Sebastien BARRE seb-ml-vtk at barre.nom.fr
Fri Nov 24 07:46:07 EST 2000


At 24/11/2000 10:22, Jan Stifter wrote:
>if we discuss about packaging, we could do some work in the compiling
>process too.
>
>- configure/make/rpm/deb are nice tools in a unix/linux environment.
>
>- how about an install tool, which runs on all platforms (win32 too)?
>i know of sebastian barre, that he has looked at some very nice tools,
>which run above perl (correct me if i am wrong) and can generate
>makefiles for all kind of systems, also for win32, borland and m$-vc
>compiler.
>
>so if we discuss about installation, we should also try to remove the
>pcmaker and make a unique way of installing vtk.

I'm not sure it's gonna happen soon :)

pcmaker has several drawbacks (especially regarding too large dependencies 
checking, when  it forces an entire rebuild for some strange reasons or new 
class addition ), but it does its job. As many people, I'm using custom 
based (Perl) scripts to build my own VTK classes and avoid pcmaker, but 
it's a bit too dirty for the moment to be released, and is not Unix oriented.

I've always maintained both automake stuff (for Unix) and VC++ makefile 
(for win32) to build my own project, but it's getting too time consuming, 
especially if you plan to automate stuff like CVS, Perl/Python/Tcl API 
(through swig), documentation (doxygen), regression tests, automatic upload 
to web sites, etc.

So yes, I've been investigating some build tools, and to my surprise I've 
been unable to find *one* satisfying free tool that might work out-of-the 
box right now on both win32 and unix platforms.

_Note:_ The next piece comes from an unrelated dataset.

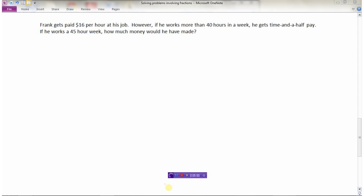Here's a tougher question. Frank gets paid sixteen dollars per hour at his job, but if he works more than forty hours in a week he gets time-and-a-half pay. Time-and-a-half means one and a half times your salary — not double, but one and a half times. He works a 45-hour week, so he gets some overtime pay, but only for the hours beyond 40. We split this into two parts: the first 40 hours at sixteen dollars per hour.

The most promising is 
called "cons", it's written in perl, and its Python version has also been 
chosen by the "Software Carpentry" site to be part of the future 
build/conf/bug-tracking tools.
http://software-carpentry.com/

There are plenty of build tools, but not much of them are free, still 
actively developped, and have been used at production level. I just had a 
look at tmake, bras, cook, cons. tmake looked OK, but is discontinuated 
now, and after some exercices it also appeared to exhibit some unpleasant 
limitations (for my own purposes). I think 'cons' is much more advanced, 
but it's lacking some win32 support. People are working on that point : 
I've contacted some of them, and they will incorporate their changes to the 
main tree ASAP. But I've seen no Borland C++ support for the moment.

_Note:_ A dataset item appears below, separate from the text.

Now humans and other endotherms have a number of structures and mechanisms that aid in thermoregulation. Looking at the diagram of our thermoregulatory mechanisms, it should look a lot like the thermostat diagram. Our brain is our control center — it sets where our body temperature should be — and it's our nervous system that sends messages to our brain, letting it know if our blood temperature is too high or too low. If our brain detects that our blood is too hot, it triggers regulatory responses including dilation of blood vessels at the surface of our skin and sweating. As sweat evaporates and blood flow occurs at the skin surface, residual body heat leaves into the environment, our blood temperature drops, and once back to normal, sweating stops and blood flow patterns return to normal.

Sure, automake/configure and stuff could work on win32, but to my knowledge 
it still requires Cygwin, and some twicks to force automake to use 
BC++/VC++ instead of gcc. Automake, libtool and stuff are cool (especially 
for these that have been using imake in the past :), but it's time (for me) 
to move to something more practical (thus the Software Carpentry project). 
I guess Kitware does not want to rely on external packages like Perl being 
installed on the system, but there is a free tool, called perl2exe that 
could be used to create a standalone Perl executable (< 900 Ko) if required.